Pessoas do mesmo sexo podem se habilitar para o casamento, requerendo a
aplicação da regra de que, no direito privado, é permitido o que não é
expressamente proibido? A questão será colocada em julgamento nesta
quinta-feira (20) pelo ministro Luis Felipe Salomão, na Quarta Turma do
Superior Tribunal de Justiça (STJ).
O recurso a ser julgado traz uma controvérsia que vai além do que já foi
decidido pelo STJ e pelo Supremo Tribunal Federal (STF), que reconheceram à
união homoafetiva os mesmos efeitos jurídicos da união estável entre homem e
mulher. Agora se trata de casamento civil, que possui regramento distinto da
união estável e, naturalmente, confere mais direitos aos cônjuges do que aos
companheiros.
O caso teve início quando duas cidadãs do Rio Grande do Sul requereram em
cartório a habilitação para o casamento. O pedido foi negado. Elas entraram
na justiça, perante a Vara de Registros Públicos e de Ações Especiais da
Fazenda Pública da comarca de Porto Alegre, com pleito de habilitação para o
casamento. Segundo alegaram, não há nada no ordenamento jurídico que impeça
o casamento entre pessoas do mesmo sexo.
Em primeira instância, a ação foi julgada improcedente. Segundo entendeu o
magistrado, o casamento, tal como disciplinado pelo Código Civil de 2002,
somente seria possível entre homem e mulher.
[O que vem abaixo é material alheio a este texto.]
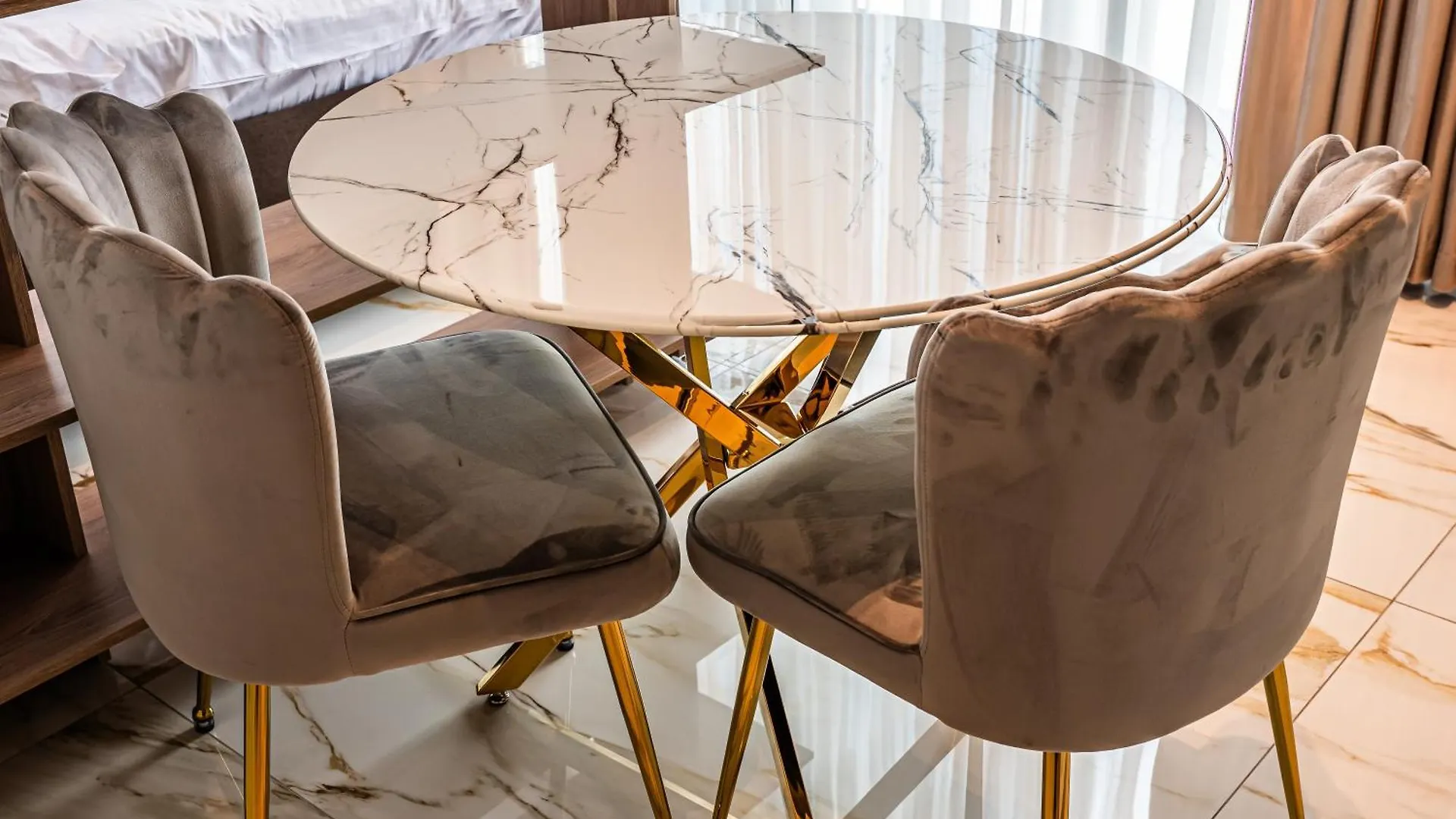 Studio Luxury Suite Near Center Bucharest 0*,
As duas apelaram, mas o
Tribunal de Justiça do Rio Grande do Sul (TJRS) manteve a sentença,
afirmando não haver possibilidade jurídica para o pedido.
“Ao contrário da legislação de alguns países, como é o caso, por exemplo, da
Bélgica, Holanda e da Espanha, e atualmente o estado de Massachussetts, nos
Estados Unidos, que preveem o casamento homossexual, o direito brasileiro
não prevê o casamento entre pessoas do mesmo sexo”, afirmou o relator do
caso no tribunal gaúcho.
Invasão de competência
Para o desembargador, a interpretação judicial ou a discricionariedade do
juiz, por qualquer ângulo que se queira ver, não tem o alcance de criar
direito material, sob pena de invasão da esfera de competência do Poder
Legislativo e violação do princípio republicano da separação harmônica dos
poderes. “Ainda que desejável o reconhecimento jurídico dos efeitos civis de
uniões de pessoas do mesmo sexo, não passa, a hipótese, pelo casamento”,
disse ele.
Ao negar provimento à apelação, o desembargador lembrou que, desde a mais
remota antiguidade, o instituto do casamento tem raízes não somente na
regulação do patrimônio, mas também na legitimidade da prole resultante da
união sexual entre homem e mulher. “Não há falar em lacuna legal ou mesmo de
direito, sob a afirmação de que o que não é proibido é permitido, porquanto
o casamento homossexual não encontra identificação no plano da existência”,
afirmou.
Ainda segundo o desembargador, examinar tal aspecto está além do poder
discricionário do juiz. “O direito brasileiro oferta às pessoas do mesmo
sexo, que vivam em comunhão de afeto e patrimônio, instrumentos jurídicos
válidos e eficazes para regular, segundo seus interesses, os efeitos
materiais dessa relação, seja pela via contratual ou, no campo sucessório, a
via testamentária”, lembrou. “A modernidade no direito não está em vê-lo
somente sob o ângulo sociológico, mas também normativo, axiológico e
histórico”, acrescentou o desembargador, ao negar provimento à apelação e
manter a sentença.
Insatisfeitas, as duas recorreram ao STJ, alegando que a decisão ofende o
artigo 1.521 do Código Civil de 2002. Segundo afirmou a defesa, entre os
impedimentos para o casamento previstos em tal dispositivo, não está
indicada a identidade de sexos. Sustenta, então, que deve ser aplicada ao
caso a regra segundo a qual, no direito privado, o que não é expressamente
proibido é permitido, conclusão que autorizaria as duas a se habilitarem
para o casamento.
Em parecer sobre o assunto, o Ministério Público Federal opinou pelo não
provimento do recurso especial. A sessão de julgamentos da Quarta Turma terá
início às 14 horas.
O número deste processo não é divulgado em razão de sigilo judicial.